The band has said that “HAPPY HUNTING” was their first step into this new industrial direction; it was not an auspicious start. It blends dance beats with a half-chanted, half-growled cadence from Briton Bond, making for a jarring combination. It doesn’t help that Bond’s voice is pitched extremely low, a frequent occurrence throughout STIGMA; the intention is, presumably, to sound more sinister, keeping in line with the album’s darker industrial sound, but he comes off sounding like a parody of YouTube metal-rap artist Corpse. Nearly a third of the songs on STIGMA employ this technique, and it is unsuccessful every time; it derails the otherwise engaging chorus of “SELF SACRIFICE,” a song that does deftly deploy industrial elements into the band’s metalcore sound and easily ranks among their best.

It’s never more egregious than on single “NAIL5,” on which he raps the chorus in his ghoulishly down-tuned voice. It is, to Wage War’s credit, the song that comes closest to answering the question that served as their thesis statement for STIGMA: “What would all of those ’90s industrial nu metal bands sound like in 2024?” Unfortunately, it also serves as a reminder as to why those bands are no longer making music in 2024. Bond’s rapping is unfortunate, and Cody Quistad’s brief turn at the mic during the song’s first verse fares no better.

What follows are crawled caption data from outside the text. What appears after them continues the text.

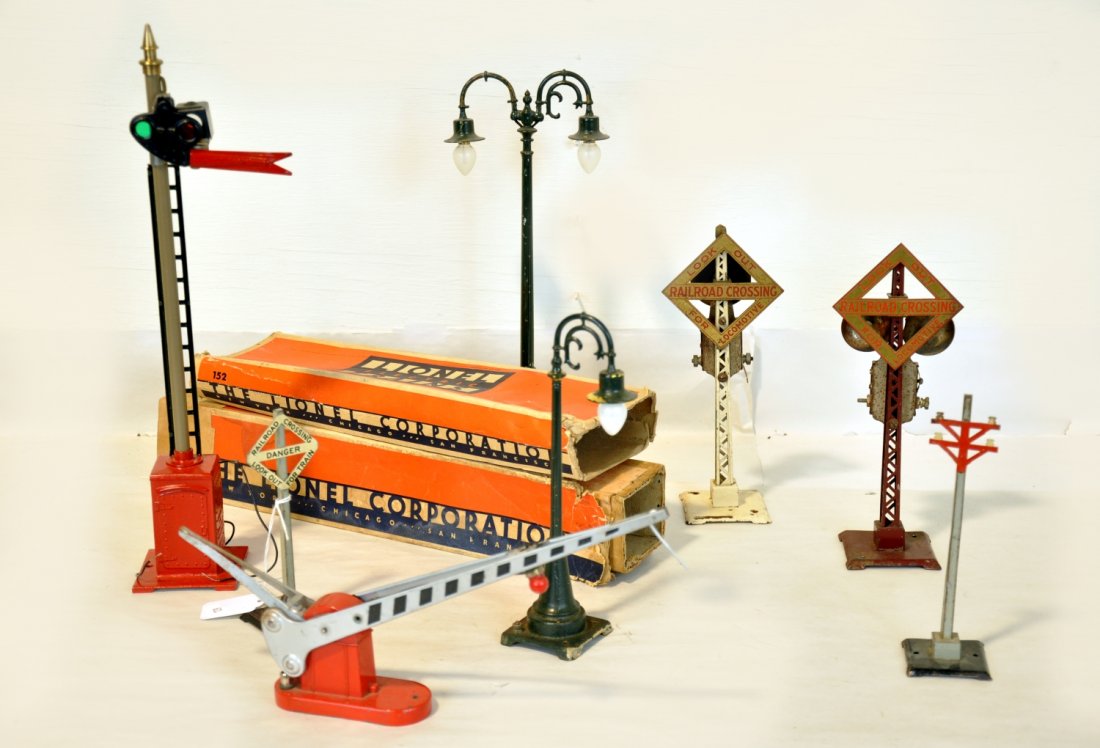 7 Lionel Accessories: Includes a 152 crossing gate, rough box; 63 double lamppost, missing 1 filigree insert; 80N semaphore, replaced base, rough ob with insert; 2 #69 bell signals, 1 has AF single bell mechanism; 59 lampp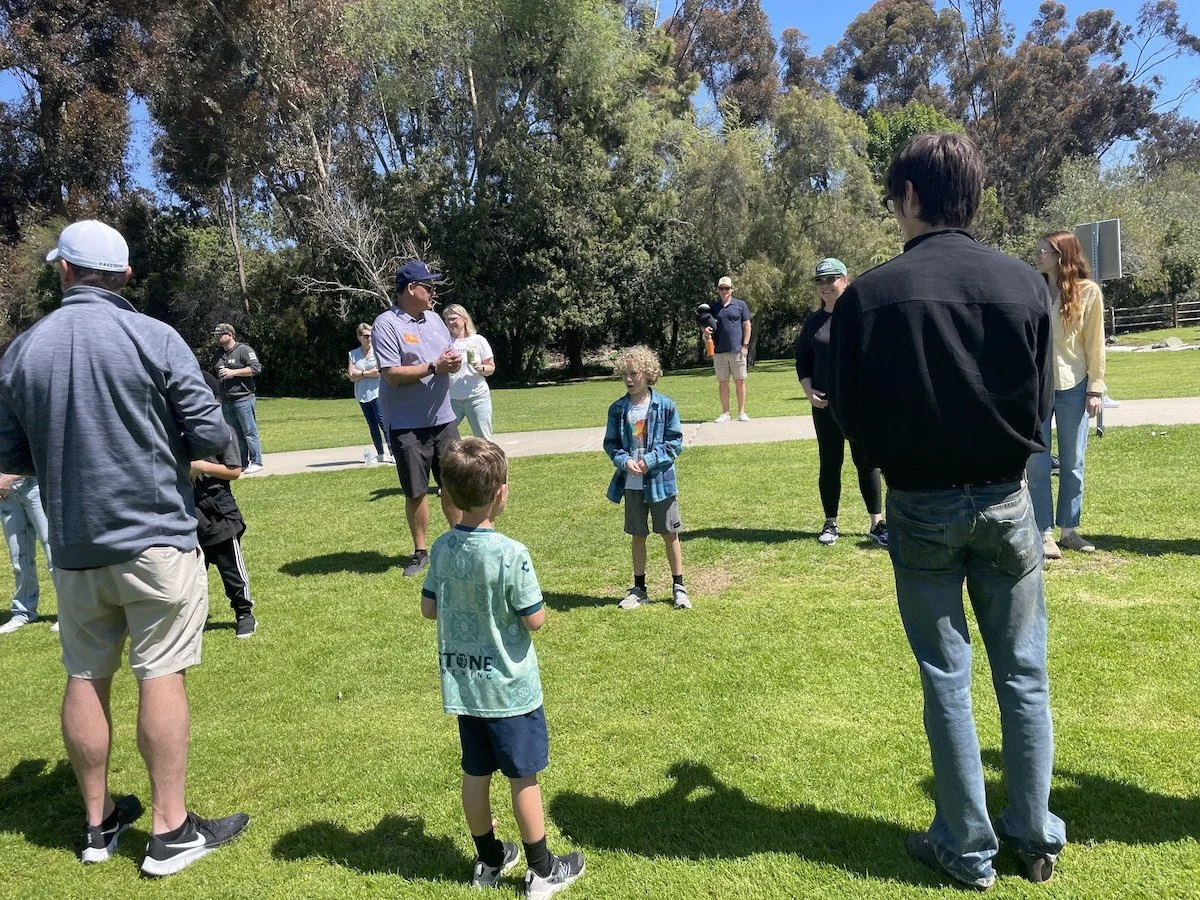 Group of children and adults gathered on a grassy park, listening to a man in a blue shirt speaking. Some people are taking photos or videos. There are trees in the background and a sunny sky.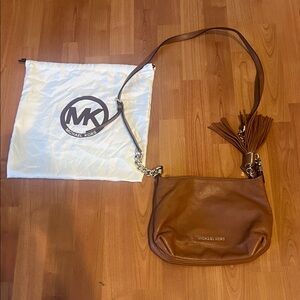 Barely worn Michael Kors Tan Leather Crossbody Bag with Tassel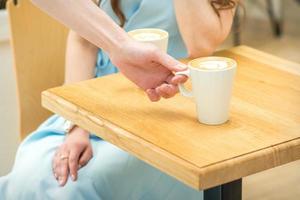 Bedienung setzt ein Tasse von Kaffee foto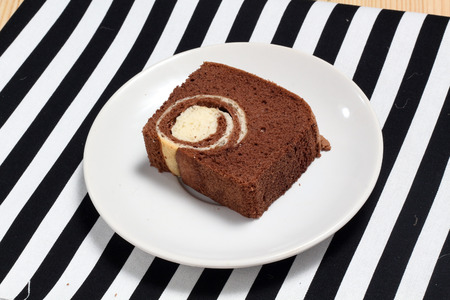 slice belgium chocolate cake on plate and black and white strips clothの写真素材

“IN MY BLOOD” is a perfect down-the-middle blend of Sirius Octane radio rock and Warped Tour metal, with a few electronic glitches thrown into its intro for good measure. Similarly, isolate Quistad’s vocals in the chorus of the atmospheric “BLUR” and you’d think you’re listening to a Top 40 hit. There are ways to integrate pop into metalcore successfully, but the song feels too unsure of itself to commit to either the tunefulness of its hook or the brutality of its breakdown. “HELLBENT” opens with a plaintive guitar line that would feel at home on an Imagine Dragons song before launching into a creaky hard rock riff; other songs forgo the metal almost altogether, although rarely to much more inspired results.

The album’s finale “IS THIS HOW IT ENDS” is memorable with its stratospheric chorus and cinematic production but relies too heavily on the dissonance between that openness and the requisite Bond vocal cameo in the bridge; it could be an interesting choice to hinge an album closer on that sort of unresolved tension, but after about two lines Bond fades away as quickly as he popped up. Lead single “MAGNETIC,” too, only ever treats him like an accent, allowing him to croak out a mosh call before thrusting Quistad back into the spotlight for the song’s final chorus. While, as ever, his vocal runs are impressive and his melodies are catchy, the song feels too formulaic, too predictable, to hit the way it’s supposed to; that last chorus is telegraphed from the start, the keys dripping in added right on cue to hit you in the heartstrings. Admittedly, at least there’s something to be said for the band knowing exactly how they want you to feel listening to “MAGNETIC.” The same can’t be said for most of STIGMA. It doesn’t sound like Wage War knows whether or not they want you throwing fists in the pit or throwing up your white lighters; they’re stuck between two modes, stuck staring at two potential paths forward, and what they’ve settled on is the least compelling version of themselves.

Disappointing / Average / Good / Great / Phenomenal

Stigma is out Friday on Fearless Records.